Somehow, though, my serious intent was hijacked by the emotional response I have to this ballet.
First off, PNB’s three year old production of George Balanchine's Nutcracker, originally choreographed in 1954, is swell. This year I was impressed with the innate grace and stage presence of student Samrawit Saleem in the role of Clara. It was especially nice to hear she's a product of PNB's Dance Chance program. Dance Chance reaches out to kids with physical and artistic aptitude, kids who might not have an opportunity to study ballet, and offers them free ballet training for two years.

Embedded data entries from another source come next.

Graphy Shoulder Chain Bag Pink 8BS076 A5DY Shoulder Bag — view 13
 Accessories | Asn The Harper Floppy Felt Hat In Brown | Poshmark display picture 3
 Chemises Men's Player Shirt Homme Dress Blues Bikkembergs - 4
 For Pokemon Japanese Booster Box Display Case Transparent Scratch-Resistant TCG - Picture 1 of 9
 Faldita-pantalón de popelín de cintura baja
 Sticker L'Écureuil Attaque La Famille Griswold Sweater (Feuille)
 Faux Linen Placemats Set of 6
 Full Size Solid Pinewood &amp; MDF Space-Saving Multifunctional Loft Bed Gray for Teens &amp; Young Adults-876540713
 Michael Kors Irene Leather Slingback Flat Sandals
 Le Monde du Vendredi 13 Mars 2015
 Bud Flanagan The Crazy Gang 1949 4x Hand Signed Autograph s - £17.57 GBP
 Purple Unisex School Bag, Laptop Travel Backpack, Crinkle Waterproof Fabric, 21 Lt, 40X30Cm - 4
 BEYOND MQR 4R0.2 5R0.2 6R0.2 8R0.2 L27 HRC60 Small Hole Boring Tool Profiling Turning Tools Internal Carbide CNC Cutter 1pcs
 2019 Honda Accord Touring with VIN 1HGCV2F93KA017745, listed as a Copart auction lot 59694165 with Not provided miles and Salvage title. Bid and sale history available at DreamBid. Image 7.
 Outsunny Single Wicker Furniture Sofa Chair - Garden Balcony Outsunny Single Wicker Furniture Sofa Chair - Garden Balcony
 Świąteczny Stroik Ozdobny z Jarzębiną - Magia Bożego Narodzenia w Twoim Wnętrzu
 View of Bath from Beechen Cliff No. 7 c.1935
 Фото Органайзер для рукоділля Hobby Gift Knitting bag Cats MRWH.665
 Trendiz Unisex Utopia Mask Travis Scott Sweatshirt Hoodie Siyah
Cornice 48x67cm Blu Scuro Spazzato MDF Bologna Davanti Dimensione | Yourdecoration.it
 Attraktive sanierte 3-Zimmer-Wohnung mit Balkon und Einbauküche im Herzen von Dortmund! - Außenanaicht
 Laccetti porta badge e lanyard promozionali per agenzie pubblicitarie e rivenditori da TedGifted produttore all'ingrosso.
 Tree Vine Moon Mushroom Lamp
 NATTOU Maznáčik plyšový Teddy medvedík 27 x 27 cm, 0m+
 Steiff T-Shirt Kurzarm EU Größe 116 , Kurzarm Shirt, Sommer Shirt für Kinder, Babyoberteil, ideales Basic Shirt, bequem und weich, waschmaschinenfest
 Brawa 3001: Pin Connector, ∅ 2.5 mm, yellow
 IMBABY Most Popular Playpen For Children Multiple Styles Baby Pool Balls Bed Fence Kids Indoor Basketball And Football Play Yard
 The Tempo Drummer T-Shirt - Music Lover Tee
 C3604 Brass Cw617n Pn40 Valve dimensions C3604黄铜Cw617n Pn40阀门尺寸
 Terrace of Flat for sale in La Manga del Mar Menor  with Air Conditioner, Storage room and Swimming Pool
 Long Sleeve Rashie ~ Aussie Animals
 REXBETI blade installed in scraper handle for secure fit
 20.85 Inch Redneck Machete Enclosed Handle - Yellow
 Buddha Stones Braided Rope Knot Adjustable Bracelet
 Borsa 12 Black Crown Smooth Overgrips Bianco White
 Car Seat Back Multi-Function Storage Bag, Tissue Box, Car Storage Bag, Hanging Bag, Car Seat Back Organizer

If they like the discipline, and if their teachers agree, they can continue their training, often with the help of scholarships. The beautiful corps de ballet member Angeli Mamon is a Dance Chance alum.
Also noteworthy for me on opening night: Price Suddarth as the Toy Soldier, Candy Cane James Moore, and the lovely Elizabeth Murphy who was born to dance the role of Dew Drop.
And I can’t omit the dancing Orzas: Sarah and Seth, as the Sugar Plum Fairy and her cavalier. Sarah was promoted to principal dancer in September and I can’t think of a dancer who deserved it more. In this ballet, she gets to twinkle around waving her wand, dressed in a sparkly purple outfit. I am certain every little girl in the hall went home and dreamed she got to trade places with Sarah.
In any case, when Sarah vaults backwards from the floor onto Seth’s shoulder, not once but TWICE, I held my breath. You really have to trust your partner will be there for you.
Many longtime Seattleites miss Kent Stowell’s darker Nutcracker, with costumes and sets by Maurice Sendak. They prefer it to Balanchine’s sugar coated confection. I confess I am Switzerland when it comes to this holiday chestnut.
Every time I see the Nutcracker (too many to count) I’m like a little girl with my face pressed up to the plate glass window of a chocolate shop. So many tempting goodies that I don't get to eat.
The lavishly trimmed tree, the rich egg nog, the happy family gatherings; they’re all part of our country’s dominant religious tradition, one that I don’t share. I appreciate the artistry of PNB’s dancers and its orchestra under Emil de Cou; I’m dazzled by the people who build the fantastic costumes in Larae Theige Hascall’s costume shop. Truly, those waltzing flower skirts are miraculous to behold.
But when I am in the middle of all that holiday cheer, I feel like an observer from outer space, or Margaret Mead on an island in the South Seas, observing very foreign cultural customs.
Ok, that's enough bah, humbug for one post.
If you can, go see The Nutcracker at Pacific Northwest Ballet, or at your favorite local dance company. Take a child, watch her face light up when the snowflakes start to waltz. Try to see the magic through her eyes. If nothing else, do what I do: dream of owning your own tiara someday.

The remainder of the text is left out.